Everyone I love is here, all at once.

This year I’ve decided to get into the Christmas spirit. It’s not like I don’t normally, but I guess that this year I’m feeling extra spirity. I’m not sure what brought this on - maybe I’ve walked past the Myer Christmas window display too many times. But you know what? I’m tired of pretending to be cooler than Christmas.

I think it’s fair to say that most little kiddies in the Western world love a bit of Christmas. When I was little, one of my Dad’s friends (who is American too) would always have a ‘tree-trimming’ party at his house. On arrival, everyone was required to put at least one decoration on their giant tree - and then everyone would catch up with old friends, drink egg-nog, sing Christmas carols and eat ginger bread. Now call me daft, but I just can’t see what’s not to like about that. Christmas decorations are like evidence that someone has prioritised fun, tradition, beauty and festivity over practicality. Plus, this family had a trampoline so their parties were pretty much the highlight of my calendar year.

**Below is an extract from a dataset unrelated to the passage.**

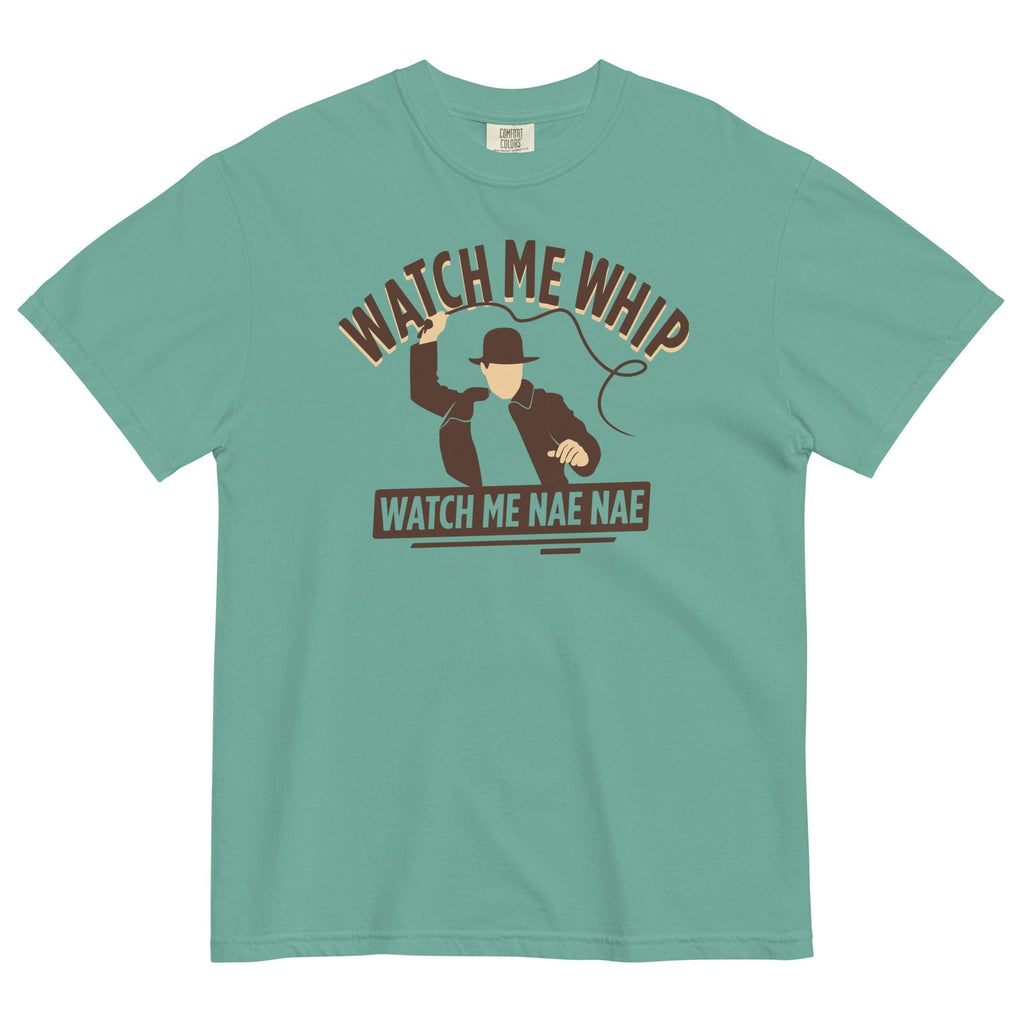 Watch Me Whip Men's Relaxed Fit Tee Hoodie, Sweatshirt | PureTeeCo.com (Image 2)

My Anonymous mum really comes into her own at Christmas. I think it’s a combination of the joy of having all her family in the same room, and the stress of having all her family in the same room. My sisters and I revert back to being excited kiddies, while someone tries to remember all the Christmas traditions that we have accumulated over the years (more and more this someone is me). Best of all, mum makes special Christmas bread that we call ‘Special Christmas Bread’ that has icing on it (someone tell be what’s not to like about icing for breakfast?). The highlight of the morning is seeing whether the dough has risen overnight, even though no-one really cares (except mum), because it has icing on it anyway. Then we all pile into the car to go to my auntie’s house, arguing that the person with the smallest hips should go in the middle seat. And then measuring.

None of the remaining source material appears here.